Laura: Those are really great questions for something that is consistently taking up a ton of time. Something like going to church, or going to a small group every other Tuesday night, I would say those are things that you try to schedule for one night or one morning. I remember, as a new mom especially, I was very nap crazy. I wanted my child to get the best rest that they could. They were very structured and I felt like the sky was going to fall [laughter] if my son didn’t get his nap, or didn’t go to bed at 7:00, or I had to put him down in an unfamiliar place and then bring him home. I would encourage you to remember that your spiritual life is so important, even as a new mom. It’s more important than bedtimes. I can’t decide that for you, and Emily can’t decide that for you, but I would say that there are seasons and times where I think it’s important to not idolize that nap schedule or that morning wait time, or evening wait time, whatever it may be, in order that you can be fed spiritually. Being isolated with your children is not healthy. If you find yourself saying no to all of these commitments, particularly going to church, and being involved in a small group are some of the most important two pieces of the Christian community. You are doing that consistently, and you’re saying, “This season is too hard.” I think that something needs to be checked in your heart there, and to look at, “What am I valuing? Is my child really that messed up because they missed one nap [laughter] or is it something that we can recover from within a 24-hour period and move on?” This is a very short season of your life, but it is not unimportant, spiritually. I think we can say, “Oh, it’s just three months”, or, “It’s just the first year my child’s life that I am not really going to church; I’m not doing these things.” I would advocate to try to sacrifice in a few areas. In Emily’s example, it’s a large hunk. We’re talking about 48 hours here, but trying to be willing to sacrifice and suck it up for the church. [laughter] Sorry, I am always a little bit harsher but yes.
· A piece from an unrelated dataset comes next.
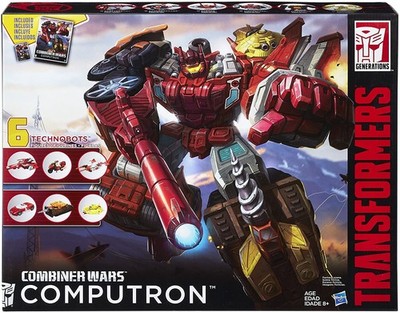 Combiner Wars 2016 Computron Boxed Set Loose Complete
Emily: I think it’s understanding what we’re getting to, is like some of the non-negotiable things that are like, “We’re going to go to church on Sunday.” With my kids, it’s exhausting and that does require sacrifice but that’s not on the table to take out. We’re going to work around that small group and be a part of that. We’ve tried to be creative. For me, being in a Bible study is essential for my spiritual health.
Laura: Yes, I would agree.
Emily: I will find a way to get in a Bible study. Even like this season, I can’t do it during the day, I’ve started to do it at night, leave the house after the kids go to bed. I think you have to figure out for yourself, for your family, what are those things that are like, “These are not on the table to get out of our lives and so we’re going to have to figure out how to train our kids to work around them.” And, “What are the things we’re involved in, maybe from a ministry perspective, maybe from a church perspective, that are wonderful to do but could be things that you could cut out if you needed to?”
Laura: How do you transition from full-time working to stay-at-home mom? I became a stay-at-home mom when I had my first child, so I didn’t transition in the between. I’m not sure how the people who asked this question, if it was like, “Hey I’ve got three kids and now I am coming home.” What I can say is, going from 40 to 50-hour week job to staying home all day was a big shock, and it wasn’t the flowers, and roses, and daisies that I was expecting. I really struggled with my identity. I struggled with knowing where did my attention and my affirmation come from? I remember talking my husband’s ear off, and really struggling when he came home late, and I felt like, “Oh, I need help, I need relief,” and this was just with one kid. I think that I would encourage you, with your expectations, to know that the adjustment might be bumpy. It’s not necessarily going to be amazing, even if this is something you’ve dreamed of and longed for your whole life. I do think that becoming a stay-at-home mom forced me to realize so much more to find my satisfaction, my affirmation, my identity in Christ and my fulfillment, because there aren’t these natural, worked-in affirmations that were provided. My best tips I guess, and I think Emily would echo these, is get involved in different things, like we’re talking about, using these checks and balances that we’ve just provided. Don’t stay home all day or isolate yourself. Even if you’re getting out just a couple times a week, try to meet with people, find community, find hobbies and involve your kids in the stuff that you’re doing. Be intentional with your naptime. I think it can be easy to fritter it away and say, “I deserve to watch TV right now,” and sometimes you do. There’s a genuine rest time that’s allowable but try to be intentional with structuring your day. Emily, any other last advice pieces?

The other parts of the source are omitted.